[Crawled caption data]
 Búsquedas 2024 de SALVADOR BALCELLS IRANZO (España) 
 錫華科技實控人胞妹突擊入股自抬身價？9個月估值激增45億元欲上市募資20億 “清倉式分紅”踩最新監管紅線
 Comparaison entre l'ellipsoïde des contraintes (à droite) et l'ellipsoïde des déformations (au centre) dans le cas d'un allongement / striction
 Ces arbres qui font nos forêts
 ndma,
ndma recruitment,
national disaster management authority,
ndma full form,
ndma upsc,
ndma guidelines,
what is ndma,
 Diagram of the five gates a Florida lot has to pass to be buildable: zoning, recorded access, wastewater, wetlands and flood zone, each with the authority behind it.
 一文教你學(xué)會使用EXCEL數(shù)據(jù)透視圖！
---
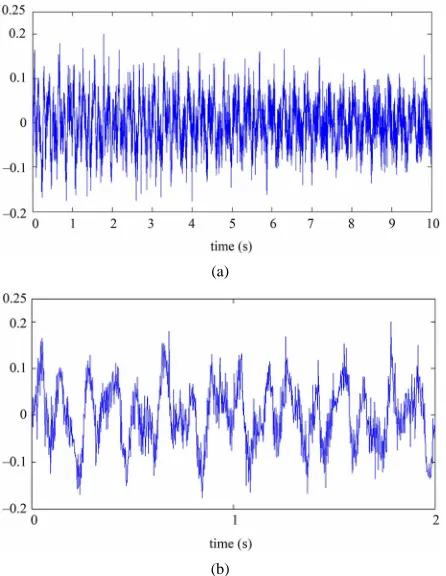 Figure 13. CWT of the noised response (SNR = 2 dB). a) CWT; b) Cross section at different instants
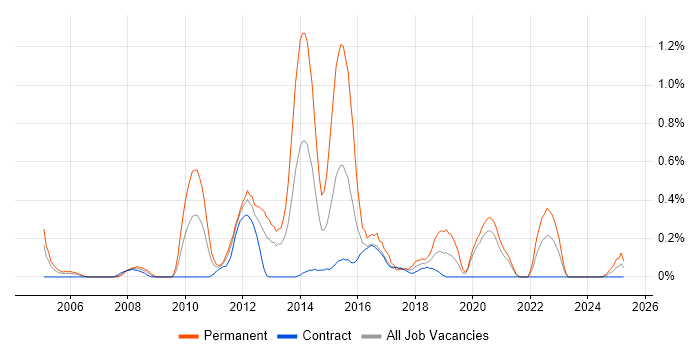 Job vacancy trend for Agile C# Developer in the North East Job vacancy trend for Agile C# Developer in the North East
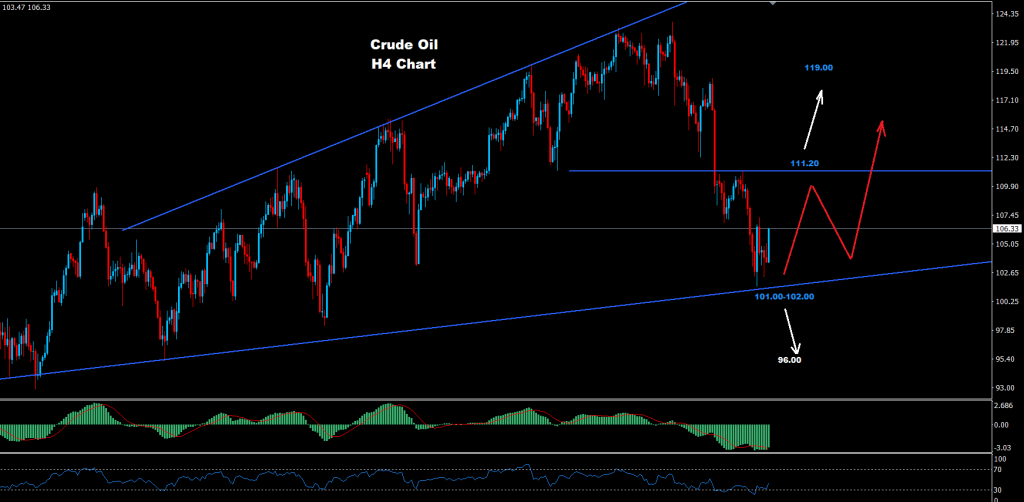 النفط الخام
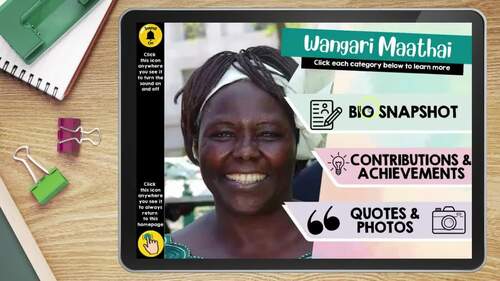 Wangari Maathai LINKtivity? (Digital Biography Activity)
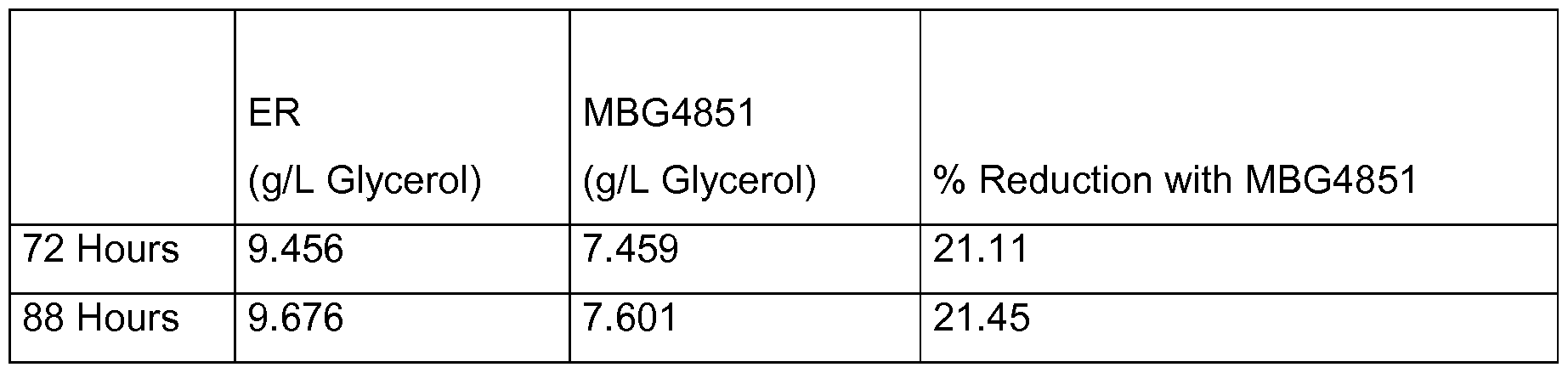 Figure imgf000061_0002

◆ Work instruction ◆
Copy each line of the records that contains the word "authority".

◆ Task answer ◆
national disaster management authority,
 Diagram of the five gates a Florida lot has to pass to be buildable: zoning, recorded access, wastewater, wetlands and flood zone, each with the authority behind it.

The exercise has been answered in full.